Это я шучу, конечно, у меня уже нет российского действующего паспорта. Но иногда действительно не знаешь. В Стамбуле, например, мою знакомую с израильским паспортом задержали на контроле и позвали старшего. А в Европе могут с холодным лицом бросить паспорт обратно. Или — сказать тебе «бокер тов» и улыбнуться. У меня такое было с польским пограничником. Мне кажется, он там один такой, и всех израильтян встречает.

Люди не знают ничего про ХАМАС, про историю конфликта, про Иорданию, про Черный сентябрь. Я разговаривал в аэропорту с интеллигентной женщиной, парижанкой. Я пытался рассказать какие-то базовые вещи о том, как Израиль устроен. Она меня не поняла. Она не знала ни-че-го, кроме того, что «израильтяне убивают палестинцев». Вот и вся картина.

Включаешь «Би-би-си» — катастрофа. Это уже даже не вопрос об Израиле, а вопрос о мире: о степени его деградации, турбулентности, потере ориентиров.

Фото: Редакция «Сегодня в Израиле»

Израиль — в лицах

— Последний лирический вопрос. Когда вы слышите слово «Израиль», какие слова приходят вам в голову?

— У меня не возникает слов. У меня — чувства. У меня — люди. 

Я провожал в Израиль Женю Арье [основатель театра «Гешер» режиссер Евгений Арье]. Мы с ним преподавали на одном гончаровском курсе. Это было в 90-м году. Я провожал его с Большой Дмитровки в Иерусалим. Женя Арье — это Израиль. Мои близкие друзья — Марик Галесник и Лена Галесник, питерские друзья, которые стали иерусалимскими. Саша Галицкий, Лена Крейндлина. 

У меня не возникает ассоциаций вроде «Иерусалим», «Бен-Гурион» или «Стена Плача». У меня возникают люди. А еще институции, но не раввинский суд, а театр «Гешер». 

Я вот, например, второй раз в жизни пошел на один и тот же спектакль. Со мной такое случалось только в «Современнике», когда я как заводной ходил на «Спешите делать добро». А тут — «Розенкранц и Гильденстерн» в «Гешере». Это невероятный театр. Для меня — лицо Израиля. Увы, не среднеарифметическое, но мое. Мой Израиль не статистика, а персоналии.
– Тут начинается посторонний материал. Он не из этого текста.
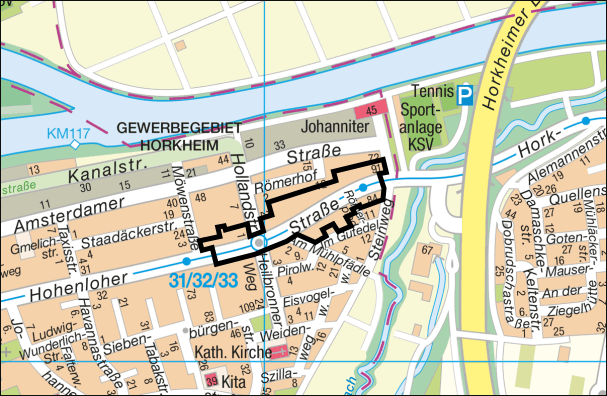 Übersichtsplan zur Lage im Stadtgebiet: Hohenloher Straße - Kartengrundlage: Vermessungs- und Katasteramt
Если говорить о картинке, то это набережная Тель-Авива. В любые времена. Между бомбежками. Она живет. Люди бегают, целуются, пьют кофе. И это поразительно. Я пару раз ходил в бомбоубежища — случайно, не во время войны. И меня поразило, что Тель-Авив продолжает жить. Веселиться. Это жизнь.

Читать новости из Израиля страшнее, чем быть в Израиле. Когда ты внутри, все иначе. Да, звучат сирены. Но страна живая.

И это дает ощущение, что за эти 70–80 лет возник другой еврейский народ, который не собирается идти в газовые камеры. Туда, конечно, ведут, но эти новые люди не идут. Это сильное впечатление.

Так что да, Израиль для меня это десятки лиц, теплых, родных, близких. А то, что я смотрю снаружи — да, это дефект комментатора. Но это дает и дистанцию. Общий план.

Я живу в Варшаве, в городе, который стоит на костях гетто. Буквально — на три метра гетто возвышается над остальной частью города.

И эти три метра дают очень точную точку обзора.